To my surprise edge gateway redeploy also failed and also I observed that redeploy task took around 20 minutes (usually it takes 5-7 minutes) and eventually timed out.
Errors related to edge redeploy task failing was
[ e04b76e6-7bb1-4d97-a85c-0df2813a06be ] Cannot redeploy edge gateway M738162563-11503 (urn:uuid:5286e85d-afb0-4821-b4f4-db87b390ba11) com.vmware.vcloud.fabric.nsm.error.VsmException: VSM response error (10020): Failed to deploy edge appliance vse-xxxxx-0. (The name 'vse-xxxxx-0' already exists.) - com.vmware.vcloud.fabric.nsm.error.VsmException: VSM response error (10020): Failed to deploy edge appliance vse-xxxxx-0. (The name 'vse-xxxxx-0' already exists.) - VSM response error (10020): Failed to deploy edge appliance vse-xxxxx-0. (The name 'vse-xxxxx-0' already exists.)
I quickly checked vCenter Server to see what went wrong.I found that in vCenter the deploy template task was complaining that edge VM’s already exists.
Note: Those who are new to NSX, when an edge gateway redeploy is kicked, the existing edge VM’s are deleted from backend and they are freshly deployed and pulls all the edge configuration from NSX manager.
So in this case what was happening was that the existing edge VM’s did not got deleted and when a new edge VM deployment was pushed, the name was conflicting with existing VM’s and thus the redeploy task was failing. Also both the edge VM’s were in shutdown state (weird case)
I have seen this issue quite a bit of time in our environment and the fix of this issue usually was to delete both edge VM’s (as HA was enabled on edge) from backend and then again try redeploying the edge from vCD or Web-Client.
I was getting very happy from inside that aah I figured out the issue very quickly and now it will be resolved in next 10 minutes. But life has planned some more surprises for me today.
I deleted both edge VM’s and kicked redeploy task again from vCD and after waiting for 15 minutes, task got timed out again and I was seeing exactly same error in vCenter as observed earlier. To rule out possibilities of issues with vCD itself, I decided to kick redeploy task once again and this time from vCenter Web-Client.

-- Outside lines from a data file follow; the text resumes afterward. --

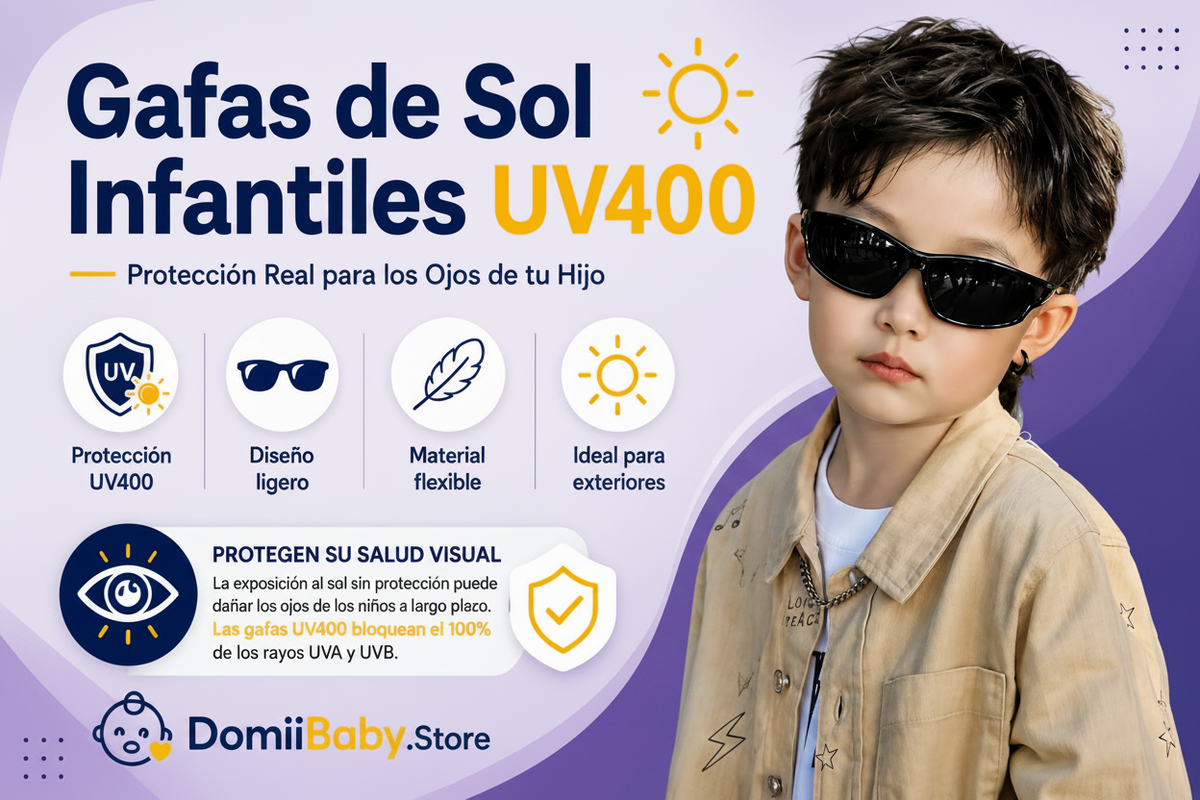 Gafas de Sol Infantiles UV400 — Protección Real para los Ojos de tu Hijo ☀️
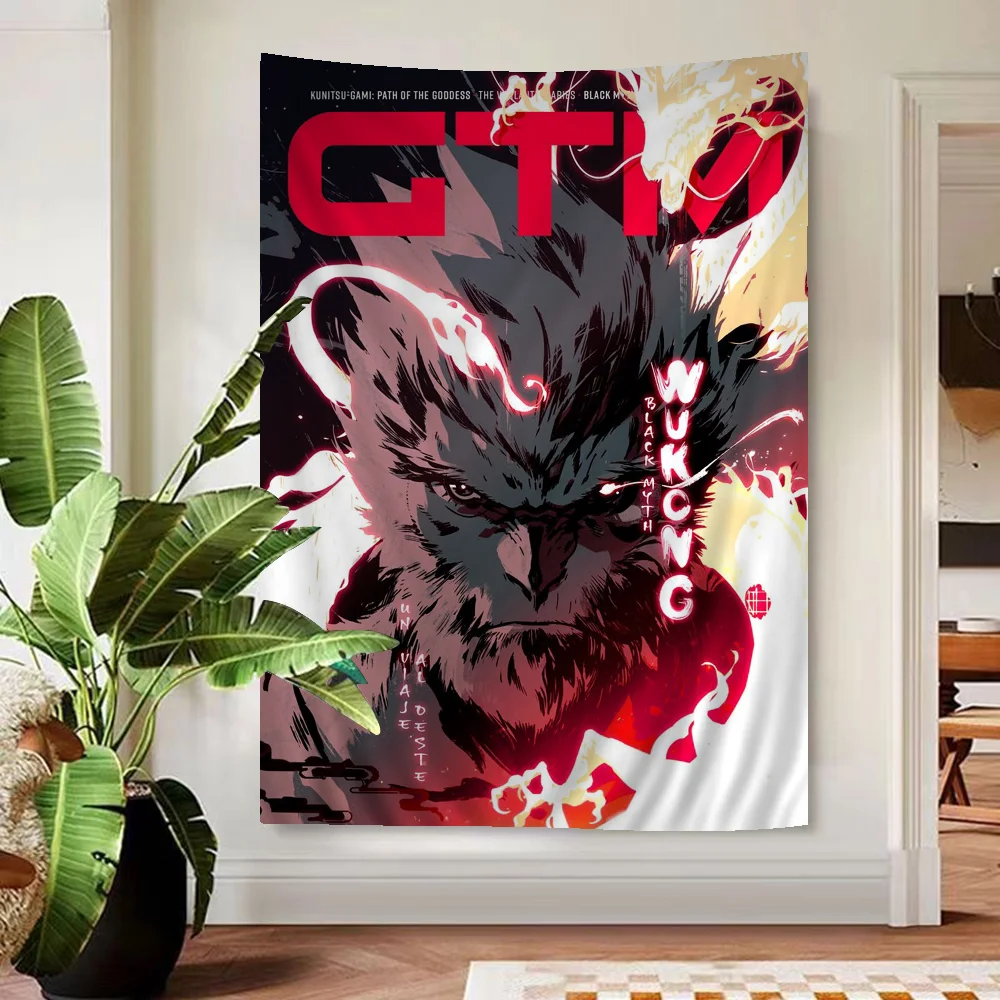 

Game B-Black M-Myth W-WuKong Colorful Tapestry Wall Hanging Bohemian Wall Tapestries Mandala Wall Art Decor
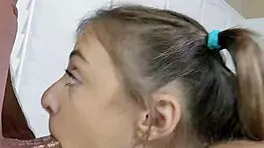 Blonde teen gia derza gets a massage and seduces an older guy for her first time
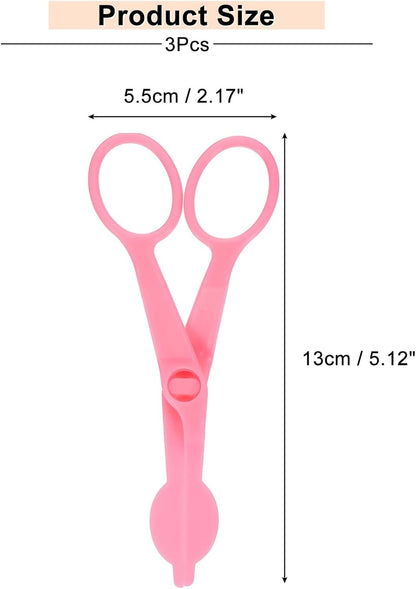 uxcell 3Pcs Flower Lifter Cake Decorating 5.1x2.2" Fondant Tool Purple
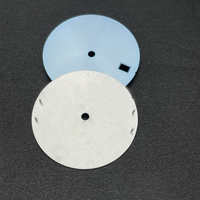 Cadran de montre 007 28,5 mm à double pied, mouvement NH36 NH37, bleu soleil, en laiton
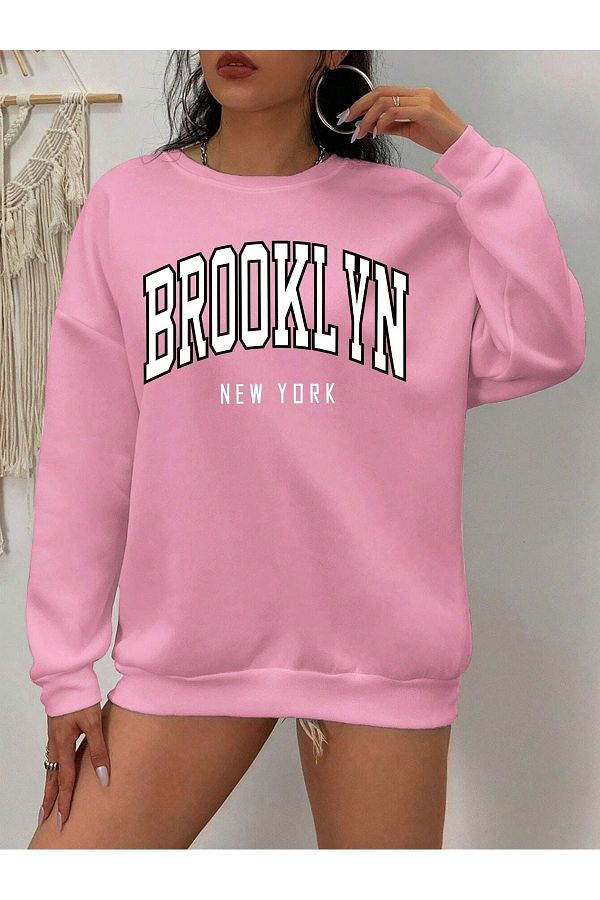 Pink brooklyn sweatshirt sale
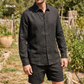 Men's Pure Linen Set in Black Motera – Vale by OrganoLinen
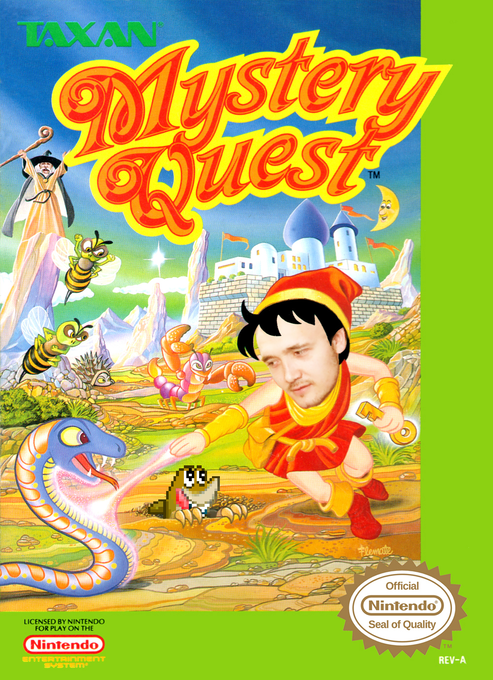 Mystery Quest parody cover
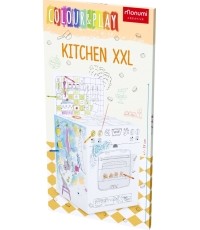 Spatial kitchen XXL coloring book for children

But I guess today was not my day and again redeploy of damn edge. I wanted to yell at edge gateway but did not as I don’t wanted to give false indication to people that I have lost my mind.
At this point of time I started getting frustrated as in past I was able to resolve these issue in one or two shot, but nothing was working for me today (Poor support engineer 🙁 )

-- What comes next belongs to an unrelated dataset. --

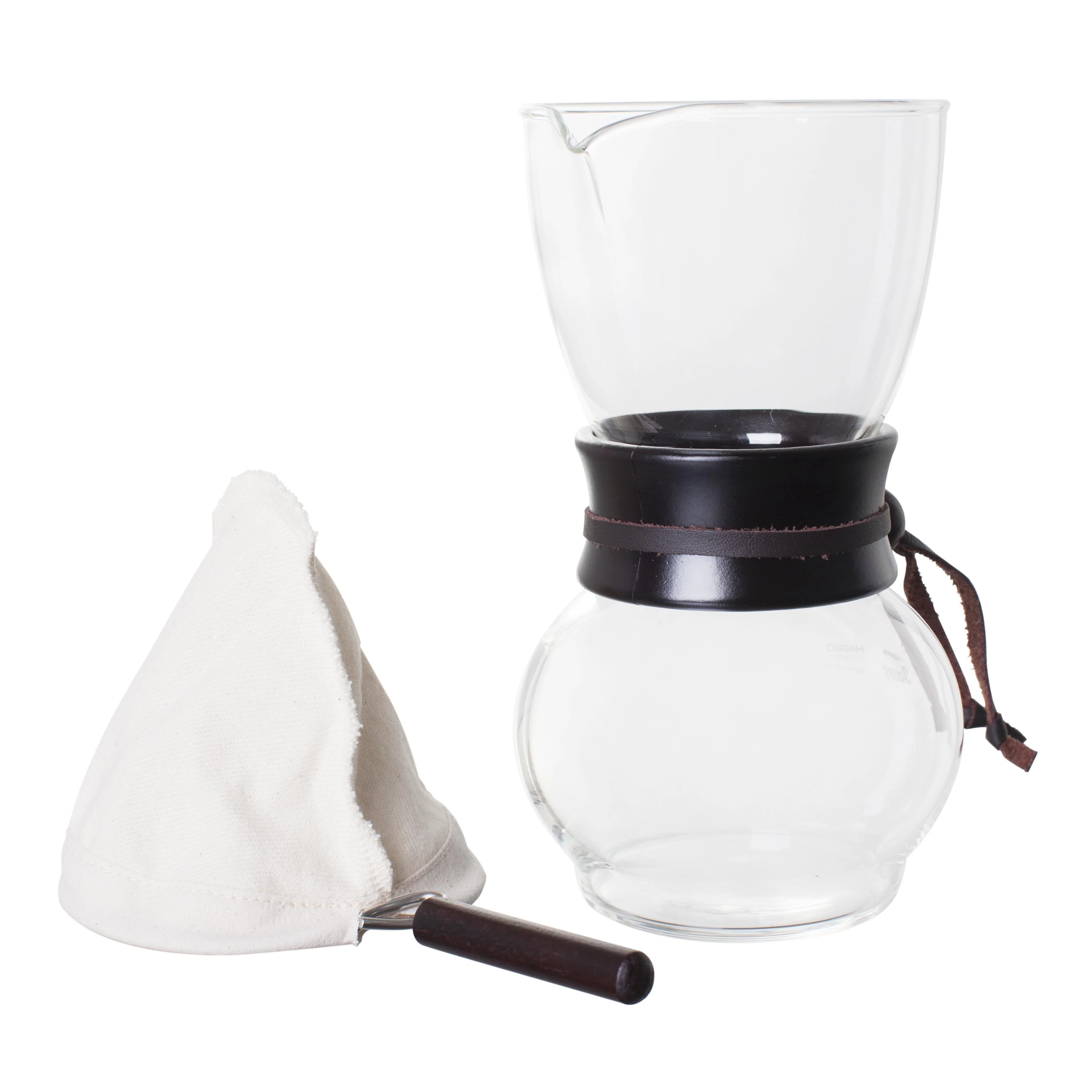 Hario Drip Coffee Pot Pour Over with Woodneck (1-2 Cups) - Image 4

I discussed issue with my peer and explained him all the troubleshooting steps and errors observed and was looking for his advise. After talking to him I got some confidence and again resumed my troubleshooting. These were my troubleshooting steps:
1: Since both the edge VM’s were in shutdown state, I powered them on one by one in vCenter and tried doing force sync from Web-Client but it timed out. I was thinking force sync might help re-establishing edge HA post reboot of edge VM’s.

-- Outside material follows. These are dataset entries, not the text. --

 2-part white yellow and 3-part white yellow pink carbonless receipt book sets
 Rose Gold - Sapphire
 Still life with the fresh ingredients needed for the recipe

2: Tried disabling HA on edge from Web-Client and it errored out saying edge VM with haindex-0 is in shutdown state (although I powered it on in vCenter).
This clearly meant that edge VM’s were not at all talking with NSX manager.
3: Deleted one edge backing VM (vse-xxxx-0)from vCenter and tried redeploying and again it failed. This time vse-xxxx-0 VM got deployed but never came online.
4: Renamed both edge VM in vCenter and tried redeploying edge, again it failed. 2 new edge VM’s got deployed but never came online.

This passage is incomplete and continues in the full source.